Peter Christian Hansen and Anna Sundberg in Venus In Fur.  Photo by Michal Daniel.

Peter Christian Hansen and Anna Sundberg in Venus In Fur. Photo by Michal Daniel.

It’s a dark and stormy night.  Working in a rented and calculatedly funky New York City rehearsal studio, director slash playwright slash occasional actor Thomas is ending a long day of auditions for his adaptation of the obscure German novel Venus Im Pelz by Leopold von Sacher-Masoch.  Thomas phones his girlfriend Stacy and vents: actresses are smarmy, tarted up, empty-headed trollops with fancy headshots.  He tosses a stack of resumes into the round file and prepares to leave.

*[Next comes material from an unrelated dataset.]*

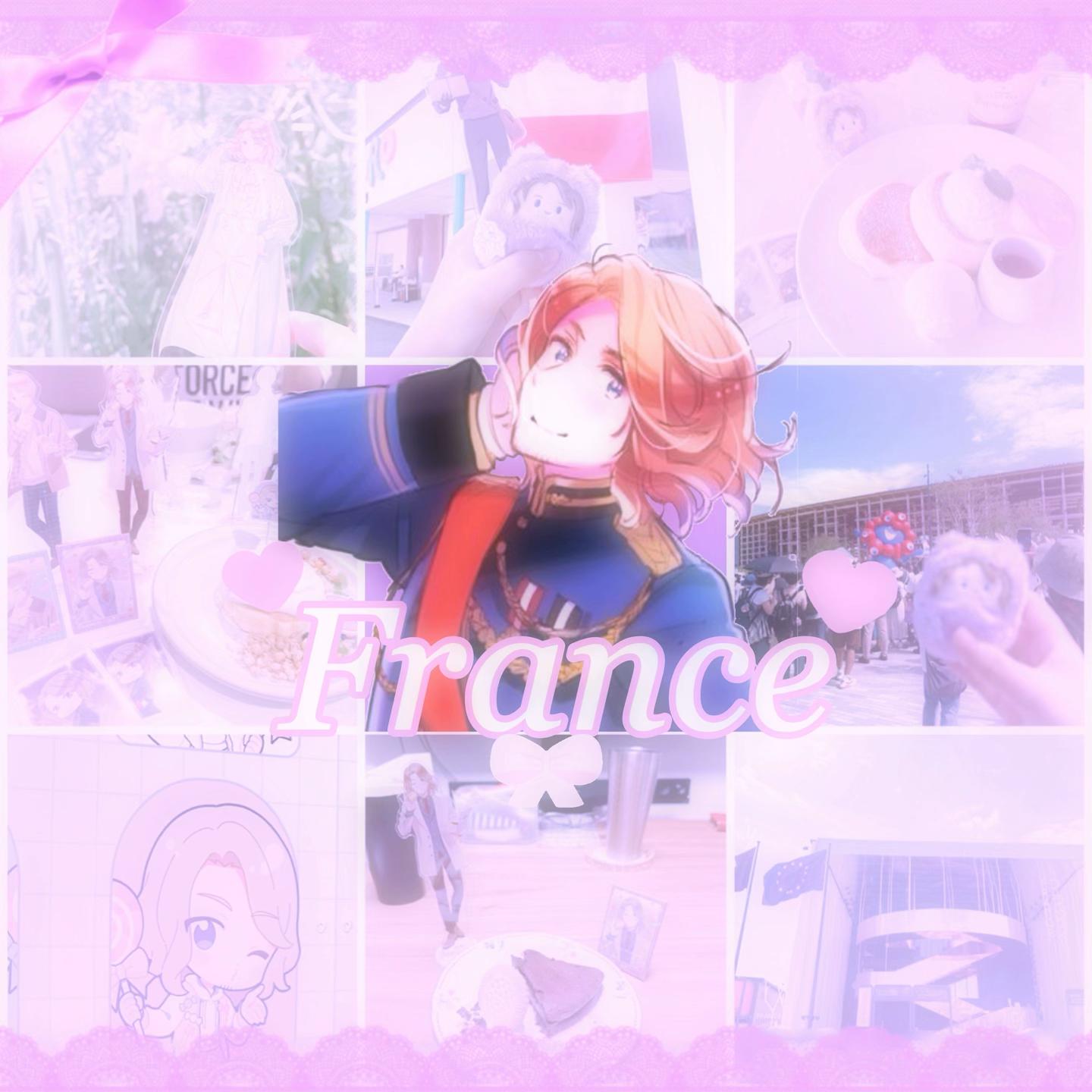 @お稲荷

Just as gorgeous Vanda staggers out of the night, carrying a massive shoulder bag, wearing a white leather raincoat over a black leather miniskirt over frilly black Victoria’s Secret lingerie, catch-me-have-me high heels – and a large studded dog collar.  Vanda is loud and brassy, shrill and blowsy, electrifying and commanding, vicious and frightening, mad and manic.  Oh, and funny.  Really funny.  She hands Thomas a crumpled resume.  “You’re not really what I’m looking for.”  Vanda insists.  Half-heartedly, they read the first three pages of the play.

And she’s brilliant.

This, in a nutshell, is the plot of David Ives‘s clever S&M thriller, Venus In Fur (at the Jungle Theater through March 10): a play reading.  Ah, but there is so much more going on in this erotic, yet weirdly sterile comic examination of power, gender, artistic imagination.  Is Vanda play-acting as Vanda the screechy actress, or as the reserved and arch 19th century Vanda?  Why do these characters have the same name?  She claims not to have read the book, yet she has memorized the entire play.  Why does she know so much about fiancée Stacy, about Thomas himself?  Why do the roles reverse, with Thomas himself playing the masochistic (the word comes from Sacher-Masoch himself) woman?  I rather doubt whether Ives himself could answer these questions, but no matter: the heat of Venus In Fur lies in the asking.

Director (and designer) Joel Sass takes the faster/funnier approach to this material.  Venus In Fur crackles right along, propelled by actor Anna Sundberg‘s frantic and frenetic glee.  The audience, rightfully, delighted in her lightning fast transitions, her wild and fantastical intelligence, her delightful nastiness, her comic fervor.  Sundberg does bravura work and provides a performance you won’t want to miss.

One can’t help but wonder, though, if a slower, more human approach might have resulted in a more genuine, more compellingly sexual reading of the play.  Maybe, but such an m.o. would likely also result in a dull and turgid show; Sass’s approach was probably the correct one.  Still, jaded creep that I am, I more than once found myself bored by the one note relentlessness of Venus In Fur.  But not my lovely companion, who laughed constantly, mesmerized by Sundberg’s riveting performance.  You’ll have to decide for yourself.  Venus In Fur does frustrate, but much more often it thrills.

The character of Thomas could easily be lost but the marvelous Peter Christian Hansen more than holds his own.  Hansen is tall and fiercely handsome, blessed with an attention-grabbing calmness.  One really identifies with his building respect – and desire – for this woman.  She constantly sparks new understandings, for Thomas, of his play and Hansen plays this beautifully.  When he kneels and reverently puts on Vanda’s shiny black thigh length mistress boots, he took my breath away.

The Jungle is a jewel-box, the loveliest space in town.  Set designer Sass precisely reproduces the design of the New York production, and ditto costumer Amelia Cheever.  But who cares; the design, as always in this theater, is perfect.

Recommended.  Venus In Fur may not be quite your cup of tea, but Sundberg and Hansen make it a must-see.